Choosing the Right LLM for Real Coding Work: Haiku, GPT-5.2, and When to Use Opus
The Problem: “Which Model Is Actually Best for Coding?”
If you follow AI news, you’d be forgiven for thinking the answer changes every week.
New models drop, benchmark charts circulate, and suddenly everything is “state of the art.” But when you’re actually shipping software—games, apps, backends—the question isn’t which model scores highest, it’s:
Which model should I use for this task, right now, without wasting time or money?
After spending real hours inside VS Code, GitHub Copilot, and agent-style workflows, a few patterns become very clear.
Benchmarks Matter — But Only in Context
The most useful public benchmark for real-world coding today is SWE-Bench Verified. Unlike toy problems, it measures whether a model can actually fix bugs in real repositories.
Approximate late-2025 standings:
- Claude Opus 4.5: ~80–81%
- GPT-5.2: ~78–80%
- Claude Sonnet 4.5: ~76–78%
- GPT-5.1 Codex-Max: ~75–78%
- Claude Haiku 4.5: ~50–55%
A few key takeaways:
- The gap at the top is small.
- Improvements are now incremental, not revolutionary.

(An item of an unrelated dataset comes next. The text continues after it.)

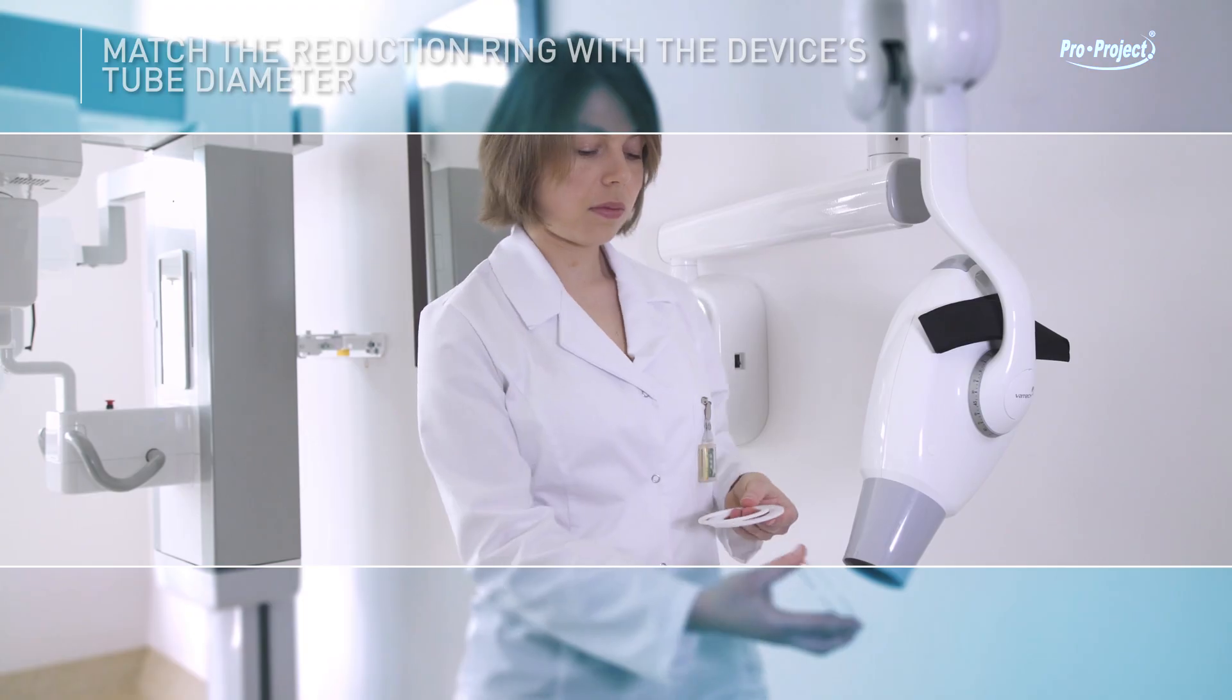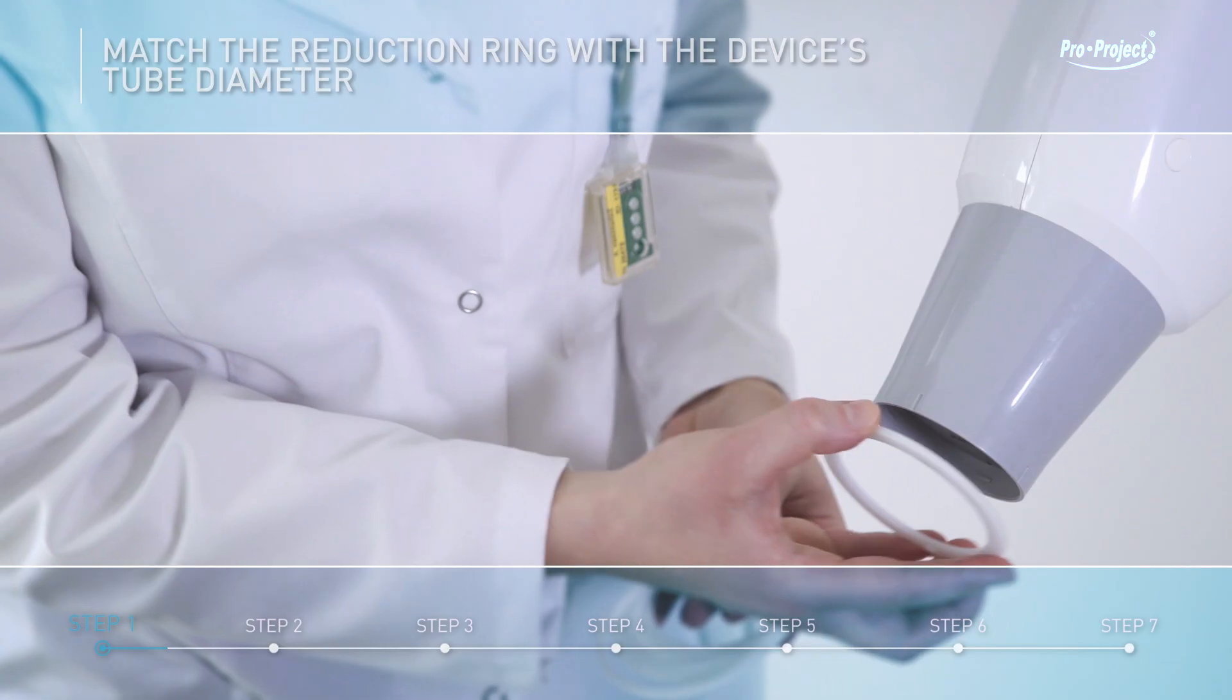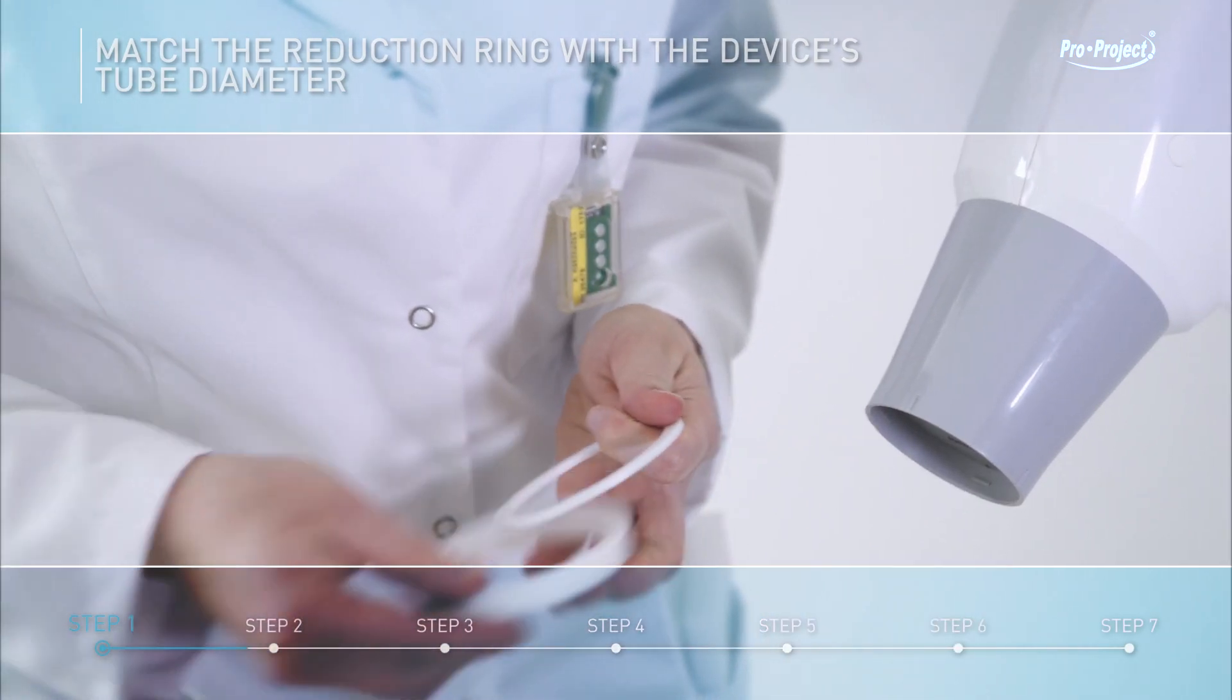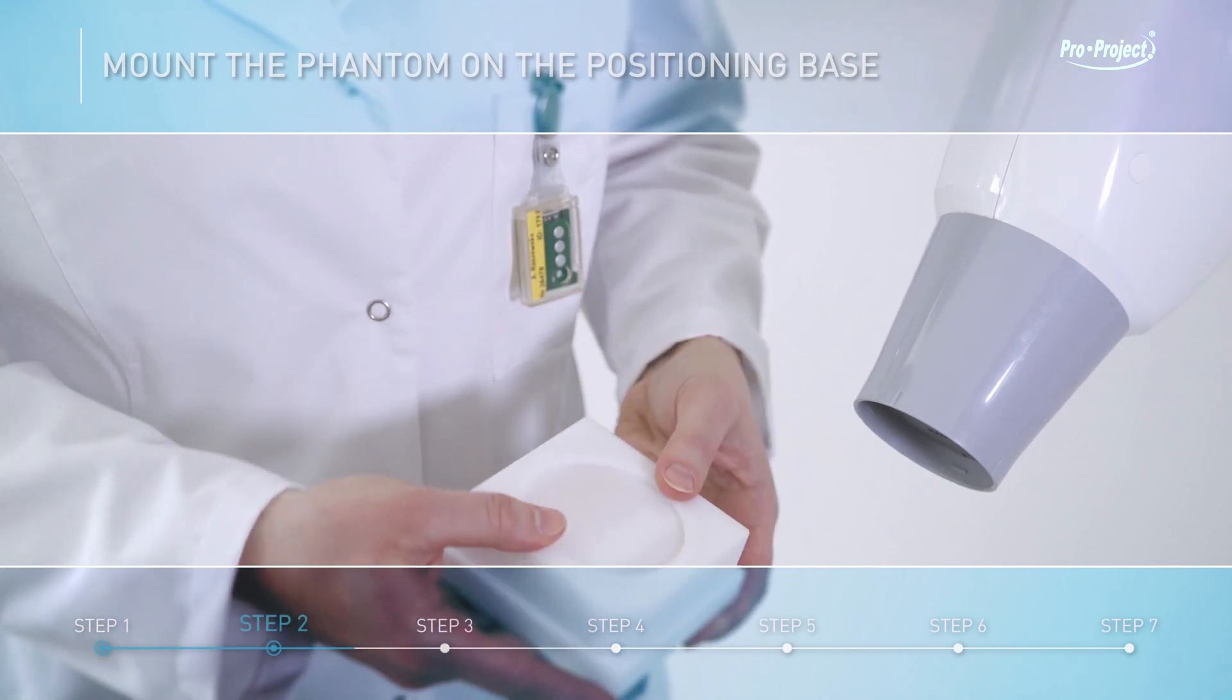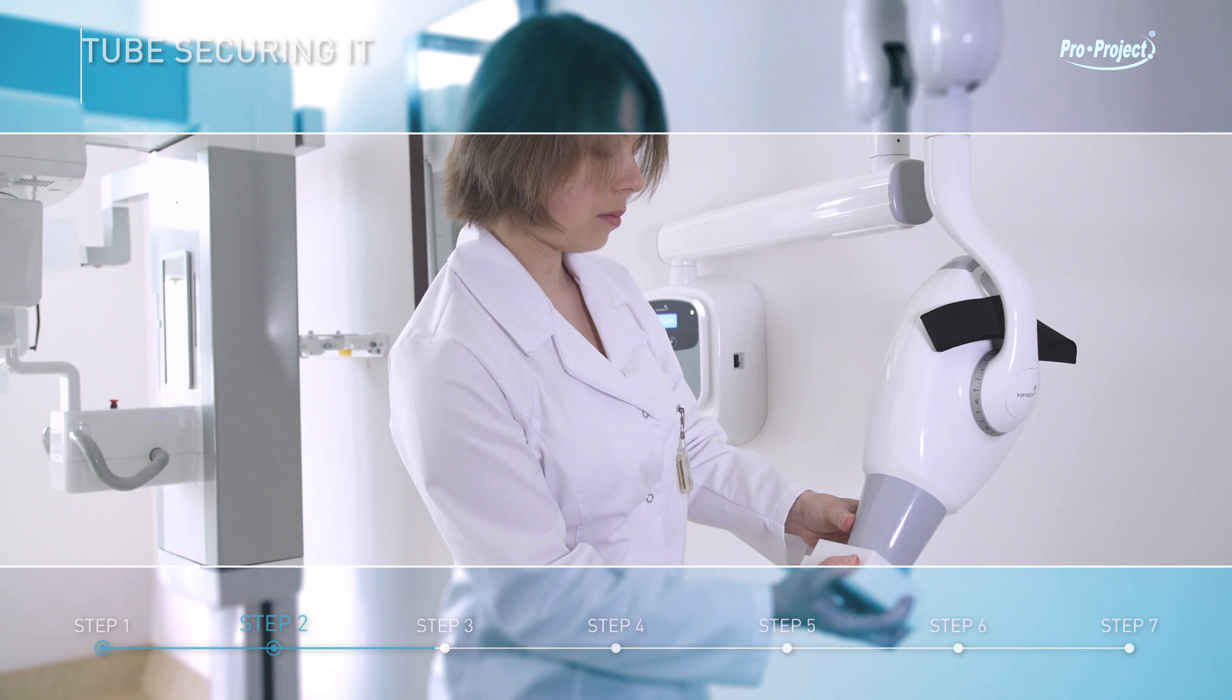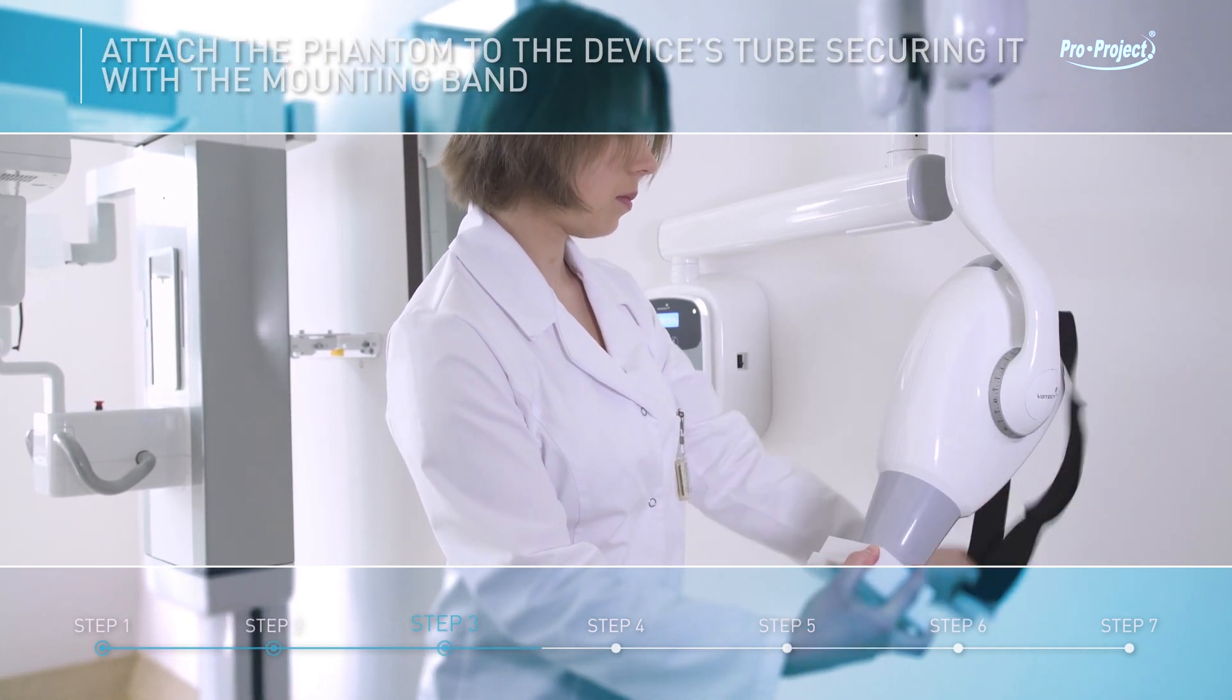Match the reduction ring with the device's tube diameter. Mount the phantom on the positioning base. Attach the phantom to the device's tube, securing it with the mounting band.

- Small models have gotten shockingly good.
Why Claude Haiku “Feels Better Than It Should”
Claude Haiku 4.5 is a standout because it punches far above its weight.
Despite being a “small” model, it:
- Edits existing code cleanly
- Follows local repo conventions
- Responds fast enough to feel like a true copilot
In practice, Haiku often beats larger models for:
- Tight iteration loops
- Small refactors
- Navigating unfamiliar codebases
That’s why it feels so good day-to-day—even though it’s nowhere near the top of the leaderboard.
GPT-5.2 vs GPT-5.1 Codex-Max
This is a common comparison, and the answer is nuanced.
GPT-5.2 is generally better overall, especially when:
- Reasoning matters as much as code
- You need to decide what to change, not just how
- Bugs span multiple files or concepts
GPT-5.1 Codex-Max still shines when:
- Tasks are well-scoped
- You want aggressive, high-volume code generation
- Determinism matters more than judgment
If you can only pick one today:
GPT-5.2 is the better default.
Why Opus 4.5 Costs 3× (and When That’s OK)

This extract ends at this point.